Your task =>
Upon reaching the line that contains "شانجان السفن 2024 فل كامل 5" in the records below, begin repeating every line exactly through the last one, skipping pictures.

[Records supplied]

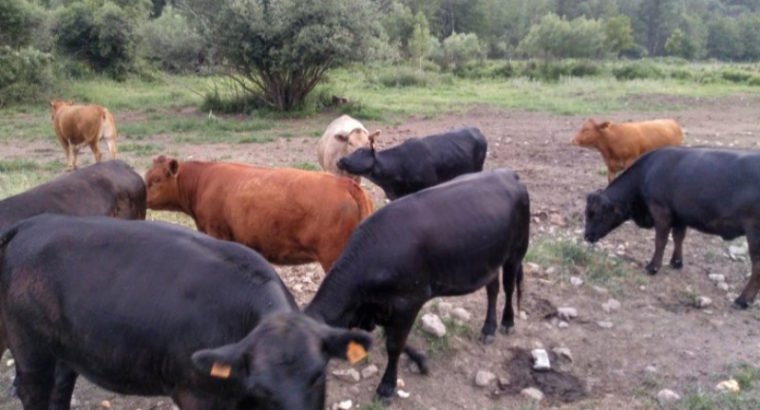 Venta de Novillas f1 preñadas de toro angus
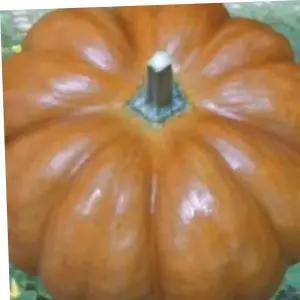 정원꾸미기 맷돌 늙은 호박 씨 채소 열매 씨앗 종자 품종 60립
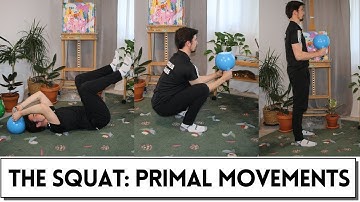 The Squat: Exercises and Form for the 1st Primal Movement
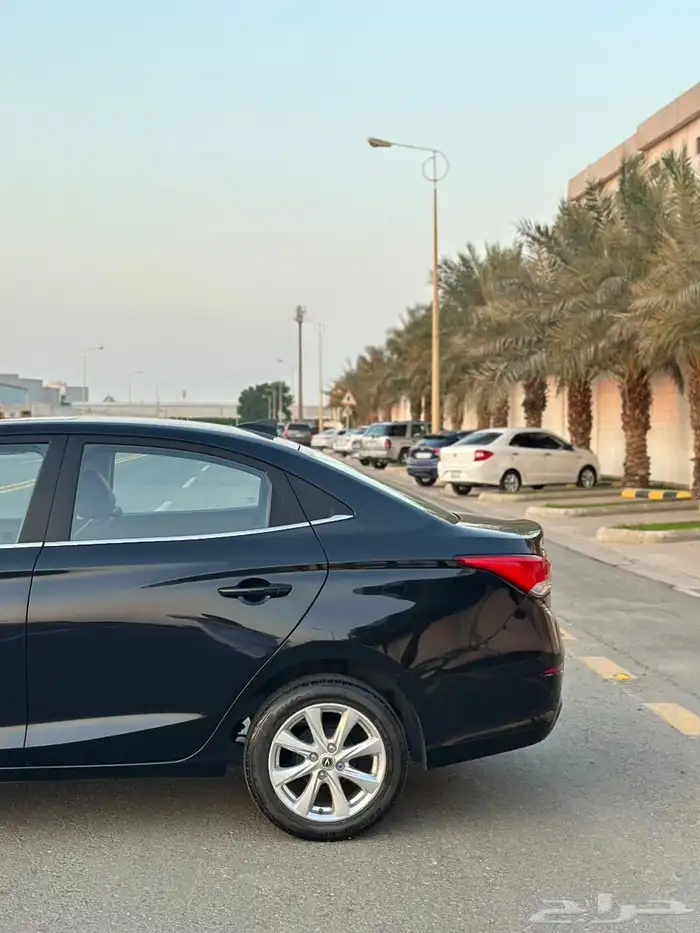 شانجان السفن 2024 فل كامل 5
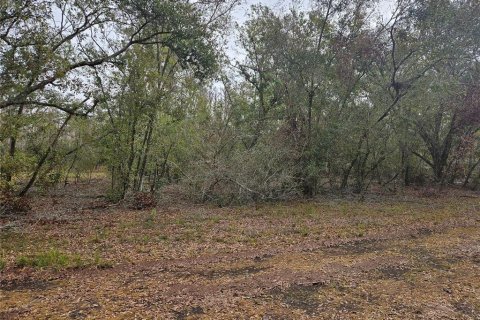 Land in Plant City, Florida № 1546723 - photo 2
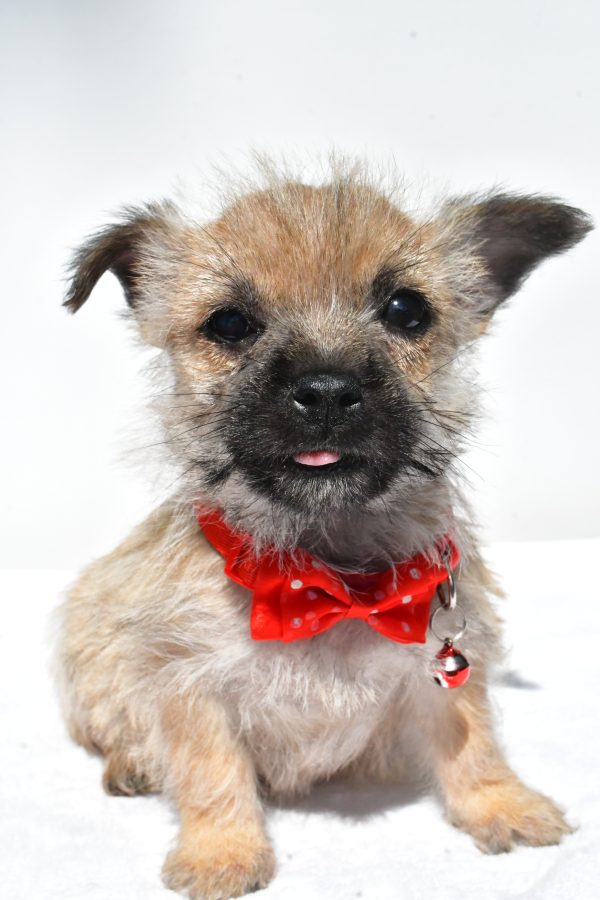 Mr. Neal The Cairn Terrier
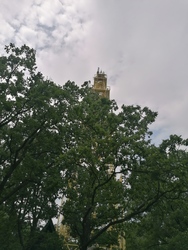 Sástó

[/Records supplied]

Answer section =>
 شانجان السفن 2024 فل كامل 5
 Land in Plant City, Florida № 1546723 - photo 2
 Mr. Neal The Cairn Terrier
 Sástó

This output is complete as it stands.